Das Leben geniessen, jeden Tag geniessen als ob es der letzte sei, positiv denken, glücklich sein. Alles Ratschläge, die Menschen entgegengehalten werden, denen der Tod bereits näher war als dem Durchschnitt ihrer Altersklasse.

Die Leben dreier junger Menschen wären damals im Mai im Verlauf eines Wimpernschlages beendet worden. Aus. Keine zweite Chance. Eigentlich.
Aber es gab eine zweite Chance für alle drei. Und der Mensch ist so veranlagt, sich zu fragen, "warum?".

Gleiches wird sich später der kleine Junge fragen, welcher unlängst als einziger das Flugzeugunglück in Libyen überlebte. Ich rate ihm heute: Forget about it.
Klar, er kann in Zukunft bei allen Flügen versuchen, wieder den als "sicher" kennengelernten Sitzplatz zu buchen; er kann völlig auf das Fliegen verzichten. Was immer es sein wird, die Wahrscheinlichkeit für ein erneutes "Glück des zweiten Lebens" wird es nicht beeinflussen.

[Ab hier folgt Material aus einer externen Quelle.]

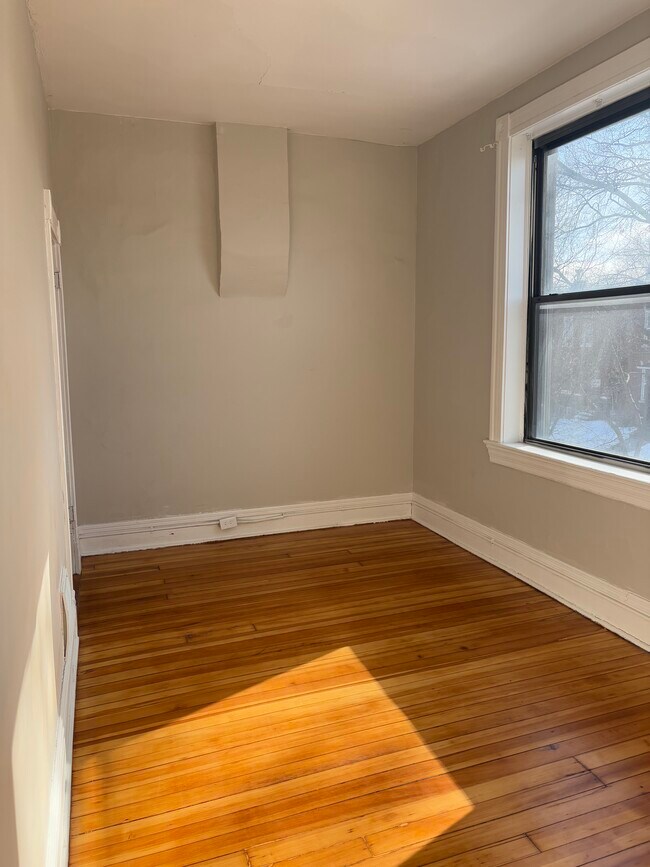 4273 Connecticut St Unidad 2F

Und dennoch wird sein Alltag bewusster - teilweise wie von unsichtbarer Hand geführt - werden.
Die Wahrnehmung ist nach solchen Erlebnissen eine andere, man bekommt ein verändertes Gespür für "Kleinigkeiten", überlegt häufiger vor Entscheidungen und beobachtet das eigene Verhalten insgesamt schärfer. Als Paket betrachtet, sind dies sicher sehr positive Veränderungen, wenngleich ich die Verhaltensänderung gerne ohne jenes Erlebnis gemacht hätte.

Am vergangenen Donnerstag gab es eine Situation, in der mal wieder besser nichts schiefgegangen wäre. Wir waren Klettern und kamen an eine Route mit folgender Schwierigkeit im ersten Drittel:


Man muss links an eine Kante greifen (für Längere eignet sich auch der Riss) und gleichzeitig links eine abschüssige Leiste antreten (siehe rote Markierungen, die Kante ist teilweise vom Arm verdeckt). Vier-, fünfmal trete ich an, setze wieder ab. Ein Sturz hätte mich durchaus verletzen können (siehe Exenposition).
Dann kam die Außenperspektive hinzu. Okay, ganz ruhig bleiben, den Griff hältst du locker und den Tritt konntest du beim letzten Mal auch belasten (da aber im Nachstieg). Sicher, du kannst wieder abklettern, aber willst / musst du das? Du könntest auf den Bohrhaken treten - nein, der existiert in deinem Kletterverständnis nicht...
Der wesentliche Muskel beim Klettern ist der Kopf. Ein Spruch mit Rauschebart zwar, in unserer Gruppenerfahrung aber spätestens seit Beginn eigener Vorstiegstouren ständig präsent.

Und wie geht das Beispiel nun zu Ende? Ich hab den Zug gemacht. Wenn objektiv alles stimmt, gibt es keinen Grund mehr zum Zögern. Das Subjektive wird sich dieser Einstellung aber nolens volens weiterhin entgegenstellen (müssen) ;-).